Voici un témoignage qui illustre bien les crimes commis par ce félon contre son peuple. Le 23 janvier 1961 à Saïda, alors que les manifestations d’indépendance se poursuivaient sans interruption, de jeunes manifestants, durement réprimés et pourchassés par les forces coloniales, s’étaient retranchés au quartier Boudia. Les commandos, à leur tête Youssef Ben Brahim, secondé par ses acolytes, Riguet et Smain, firent une incursion dans le quartier et forcèrent les portes à coups de massues. Ils tiraient sur tout ce qui bougeait, ce qui engendra la mort de cinq civils appartenant à une même famille.
Pour leur prouver leur confiance, les dirigeants du commando le nommèrent sergent, dès le départ, avant de le promouvoir au grade d’aspirant, puis de sous-lieutenant et, enfin, de lieutenant, adjoint de Gorges Grillot avec un officier français, Bénésis de Rotrou. Au sein du commando, il se distingua par un dynamisme à tous crins et un dévouement sans faille en faveur de la France et de son armée. Mettant sa connaissance du terrain, des hommes et de la population au service du commando, ce dernier réussit à anéantir presqu’entièrement les maquis de l’ALN dans la région de Saïda.

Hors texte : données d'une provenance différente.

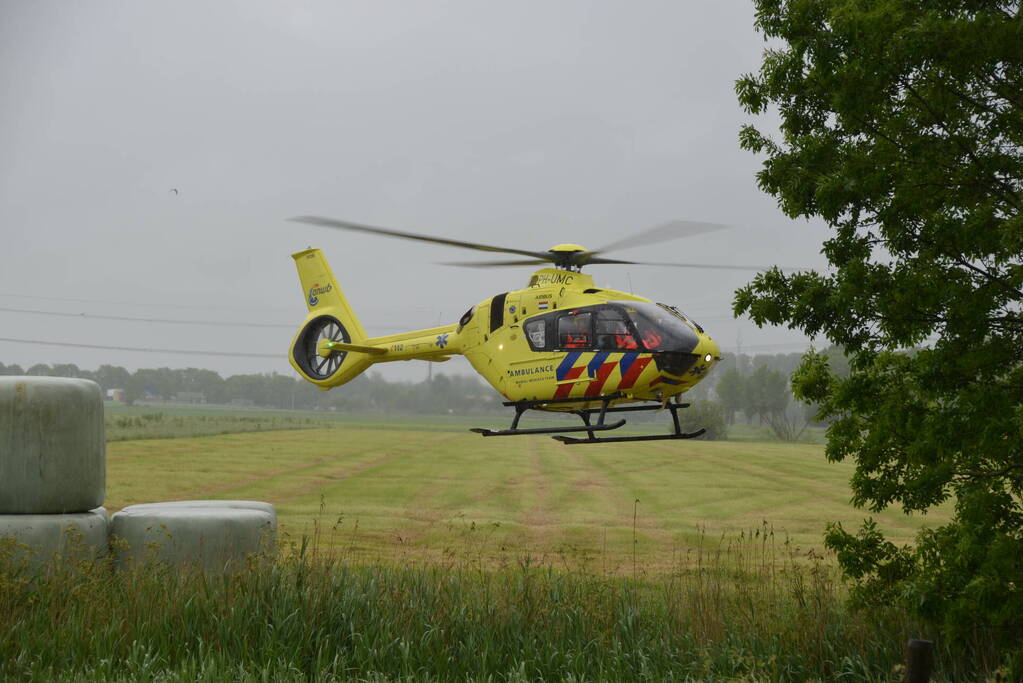 Persoon gewond na ernstig ongeval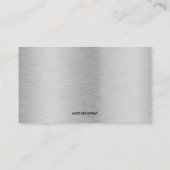 編集可能な世界指紋私立探偵 名刺 (裏面)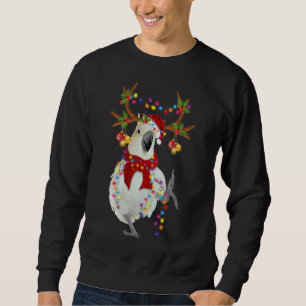 Cockatoo Gorgeous Reindeer Christmas Tree Light Xm Sweatshirt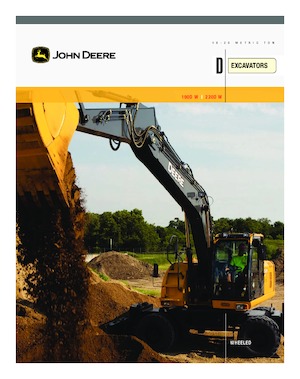 Excavadoras hidráulicas  de ruedas John Deere Construction 220D W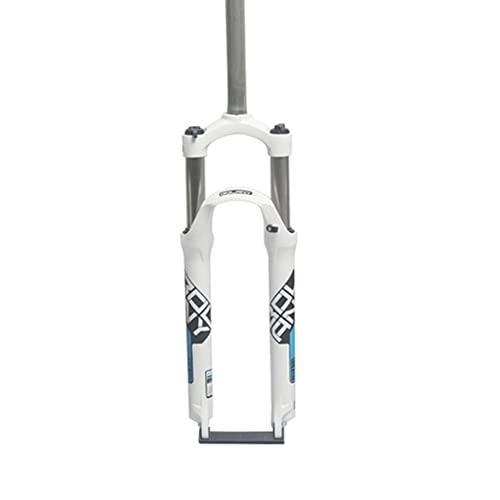 Mountain Bike Fork : Bicycle Fork Mountain Road Bike Front Fork Aluminium Alloy MTB Shock Fork 26 / 27.5 / 29 Inch Cycling Parts Bike Accessories (White, 29)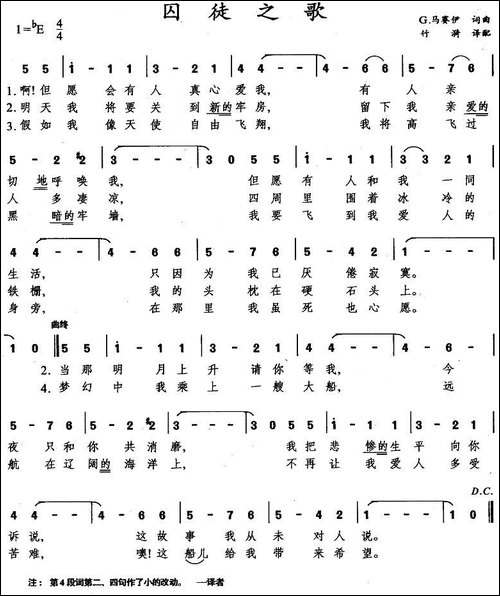 囚徒之歌-匈牙利
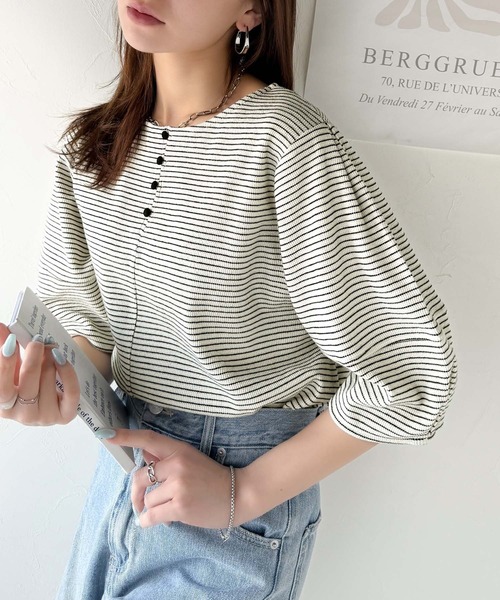 「classicalelf」 半袖カットソー LARGE ブルー レディース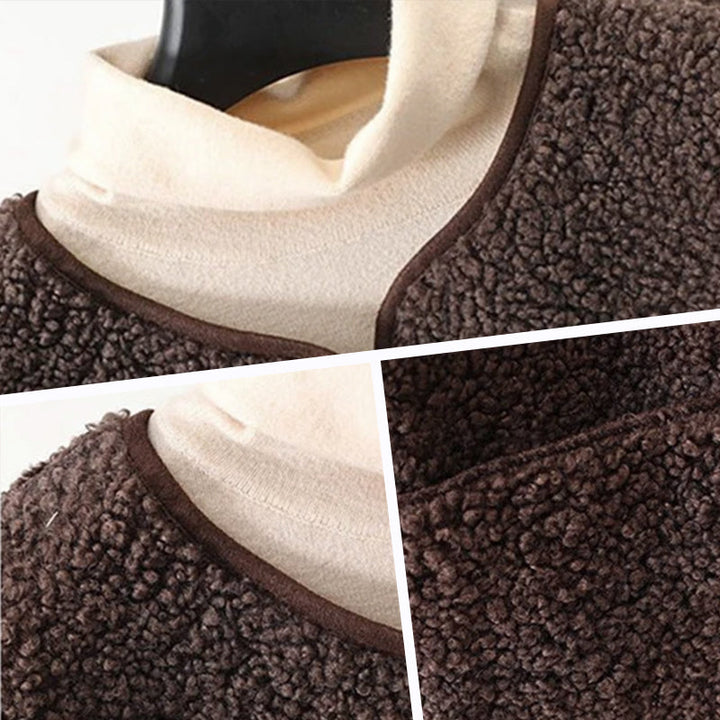 Julietta Gilet Femme en Maille Gilet Sans Manches à Boutons avec Tissu Doux et Poches Pratiques, vue 7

Voyant son ardeur et son zèle, et pour l’encourager à aller de l’avant, les autorités coloniales, sur instigation de son mentor, le colonel Bigeard, ont tôt fait de le décorer de la médaille militaire. C’est le général de Gaulle qui la lui remit de ses mains en septembre 1960, c’est-à-dire trois mois avant les manifestations populaires du 11 décembre qui surprirent les états-majors français par leur ampleur. Quelques mois plus tôt, De Gaulle s’était adressé personnellement au lieutenant Youssef Ben Brahim, le 27 août 1959 : « Terminez la pacification et une ère nouvelle s’ouvrira pour l’Algérie ! »
Avant même la signature du cessez-le-feu, le 19 mars 1962, Youssef Ben Brahim quitte l’Algérie pour la France, avec sa famille. Avec son garde du corps, un certain Daho, et un autre harki, Smaïn, il ne lâchera pas prise, puisqu’il continua à s’en prendre aux militants du FLN et à user impunément de leurs armes.
Installé avec d’autres harkis en Dordogne, où il a acheté une petite ferme, il se chargea longtemps d’organiser sa communauté regroupée dans un camp et livrée, comme on le sait aujourd’hui, à elle-même. Entré en conflit avec l’un d’entre eux, il est abattu en 1968. Attentat que des sources proches des nostalgiques de l’Algérie français imputaient, sans preuve, à d’anciens membres du FLN.